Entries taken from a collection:
Content starts

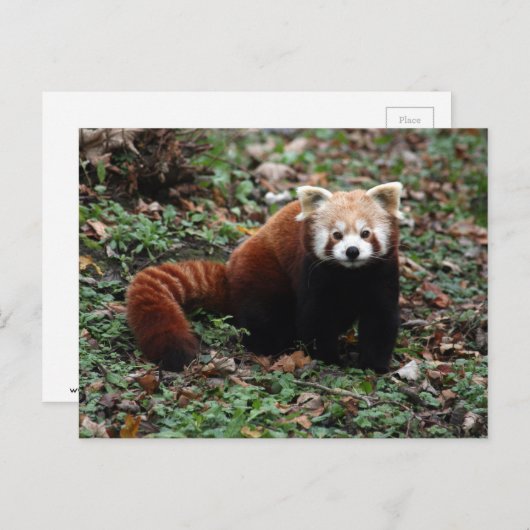 Red Panda Postkarte (Vorne/Hinten)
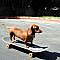 Wiener Dog Riding a Skateboard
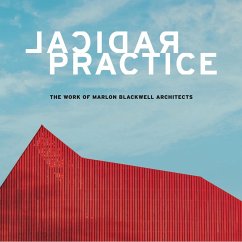 Radical Practice - Boelkins, Jonathan; MacKeith, Peter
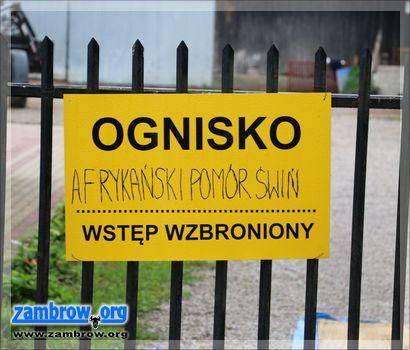 ABW wyjaśni jak doszło do zarażenia wirusem ASF przy granicy z powiatem zambrowskim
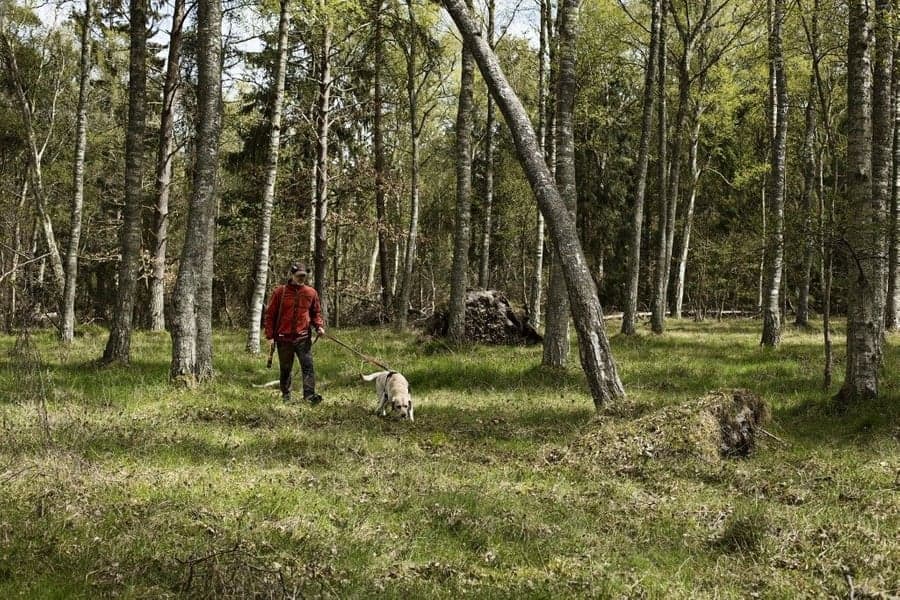 Kamko Windstopper -fleecetakki, punainen/ruskea, view: 6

Content ends

WORK TO BE COMPLETED: Your job is to copy every entry exactly. Omit the pictures.

RESPONSE TO THE EXERCISE:
 Red Panda Postkarte (Vorne/Hinten)
 Wiener Dog Riding a Skateboard
 Radical Practice - Boelkins, Jonathan; MacKeith, Peter
 ABW wyjaśni jak doszło do zarażenia wirusem ASF przy granicy z powiatem zambrowskim
 Kamko Windstopper -fleecetakki, punainen/ruskea, view: 6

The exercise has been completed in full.